**The task:**
Each line below must be reproduced exactly, though the pictures are to be dropped.

**Source material:**

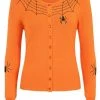 Hell Bunny Spider 50's Cardigan In Orange New In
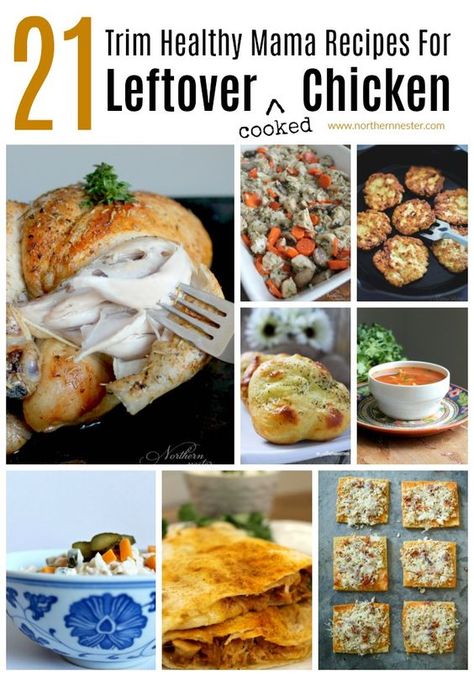 Here's a collection of twenty-one Trim Healthy Mama Recipes that use leftover cooked chicken in dishes for every fuel type! Recipes For Leftover Chicken, Trim Healthy Mama Dinner, Leftover Cooked Chicken, Roast A Whole Chicken, Trim Healthy Mama Recipe, Rotisserie Chicken Recipes Leftover, Dinners Ideas, Trim Healthy Momma, Leftover Chicken Recipes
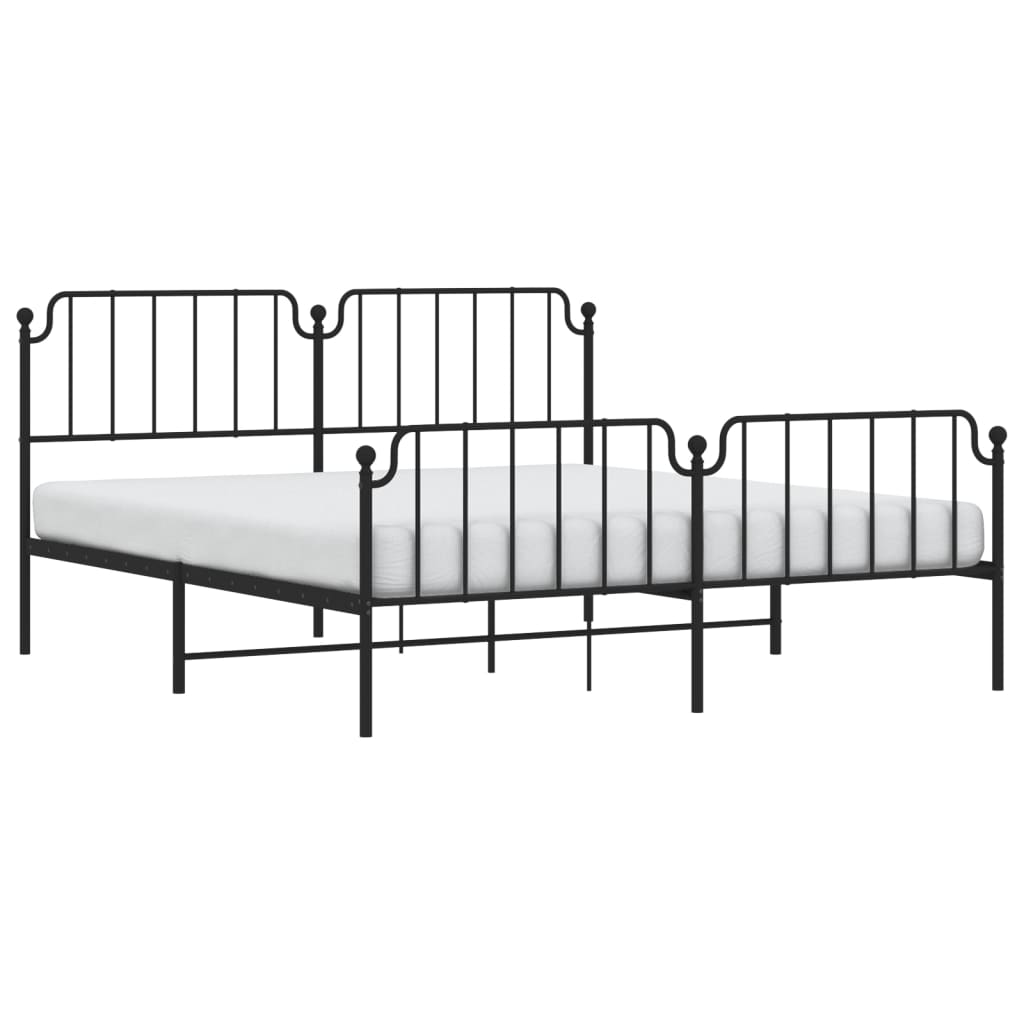 Sengeramme i metall med hode- og fotgavl svart 183x213 cm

**Answer to the problem:**
 Hell Bunny Spider 50's Cardigan In Orange New In
 Here's a collection of twenty-one Trim Healthy Mama Recipes that use leftover cooked chicken in dishes for every fuel type! Recipes For Leftover Chicken, Trim Healthy Mama Dinner, Leftover Cooked Chicken, Roast A Whole Chicken, Trim Healthy Mama Recipe, Rotisserie Chicken Recipes Leftover, Dinners Ideas, Trim Healthy Momma, Leftover Chicken Recipes
 Sengeramme i metall med hode- og fotgavl svart 183x213 cm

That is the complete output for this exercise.